Novel methods for image processing, image analysis, machine learning and deep learning with applications to on-line fashion retailing, print quality assessment, and image enhancement
thesisposted on 29.11.2021, 21:28 authored by Litao HuLitao Hu
In the online fashion market, sellers often modify their product images by adding image frames or other non-native contents, or compositing different images, to emphasize the features of their products and get more attention. However, from the buyer's point of view, these excessive contents are often redundant, interfering with the evaluation of the major contents or products in the image. Additionally, it makes it harder for product archiving in the fashion market. In this thesis, we will introduce several novel algorithms based on image processing techniques as well as deep learning to analyze and detect these added synthetic contents in the product images on a fashion market. Promising results have been shown through comprehensive evaluations on several testing datasets and comparisons to other deep learning models that have been used for similar purposes.
The development of image quality assessment algorithms has been a very active research area in the field of image processing, and there have been numerous methods proposed.
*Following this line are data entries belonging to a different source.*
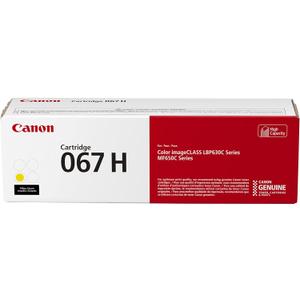 Canon Genuine 067 Yellow Toner Cartridge High Capacity Compatible with LBP633Cdw, LBP632Cdw, MF652Cdw, MF653Cdw, MF654Cdw, MF656Cdw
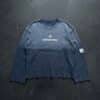 Long Sleeve Waffle Degradé – Azul Gris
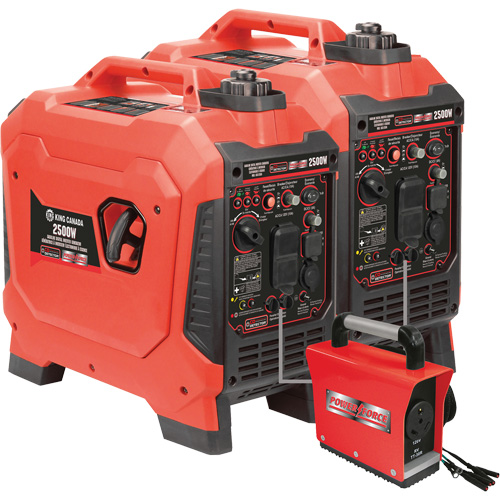 G&eacute;n&eacute;ratrice &agrave; onduleur, Surtension 2500 W, Nominale 1800 W, R&eacute;servoir 4,2 L Equipment World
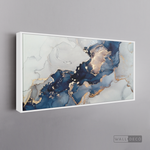 Cargar imagen en el visor de la galería, Cuadro Fluido Abstracto Dorado (B)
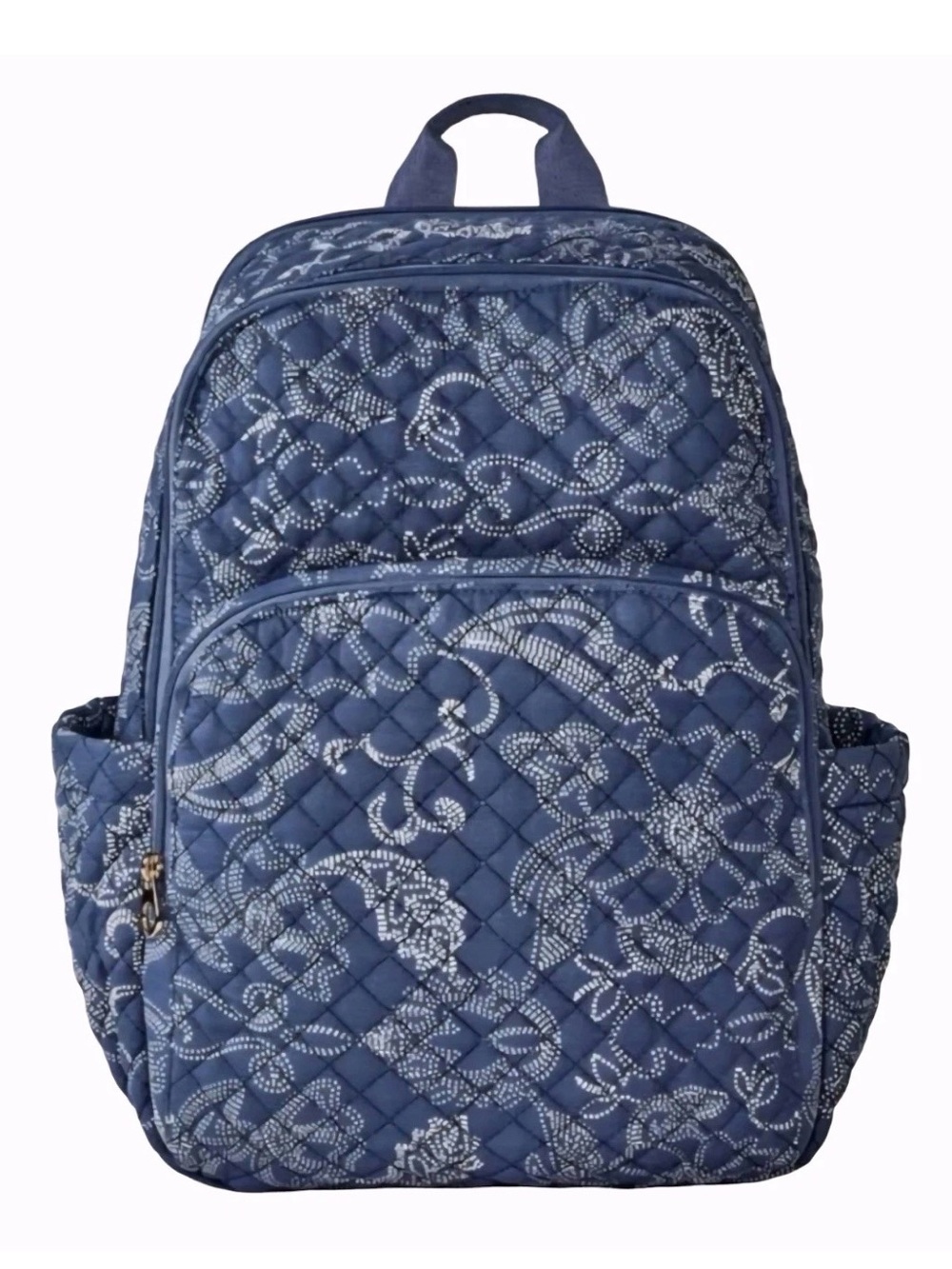 Large Universal Thread Quilted Book Bag Backpack
Fits 12" Laptop
18"H
NWT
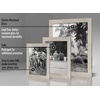 image:imageAmericanflat Set of 10 Picture Frames with ShatterResistant Glass  Gallery Wall Frame Set with Two 8x10 Four 5x7 and Four 4x6 Frames  Signature Collection  Driftwood  Includes two 8x10 four 5x7 and four 4x6 shatterresistant glass hanging hardware includedDriftwood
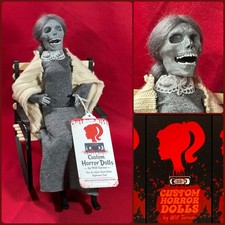 PSYCHO Mrs. Bates Corpse CUSTOM HORROR DOLL 12 Figure OOAK chair not included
However, most of the existing methods focus on digital images that only or mainly contain pictures or photos taken by digital cameras. Traditional approaches evaluate an input image as a whole and try to estimate a quality score for the image, to give viewers an idea of how good or satisfying the image looks. In this thesis, we focus on the quality evaluation of elements such as texts, bar-codes, QR-codes, lines, and hand-writings in target images, which is often neglected in many other related works. Estimating a quality score for this kind of information can be based on whether or not it is readable by a human, or recognizable by a decoder. Moreover, we mainly study the viewing quality of the scanned document of a printed image. For this purpose, we propose a novel document image quality assessment (DIQA) algorithm that can determine the scanning resolution for a document or regions in a document that is optimized for cloud and host destinations. We also develop an automatic compression system for scanned document pages based on our optimal resolution algorithm, to achieve optimal file sizes for scanned documents without loss of key information. Experimental results on our testing images successfully demonstrate the effectiveness of our method.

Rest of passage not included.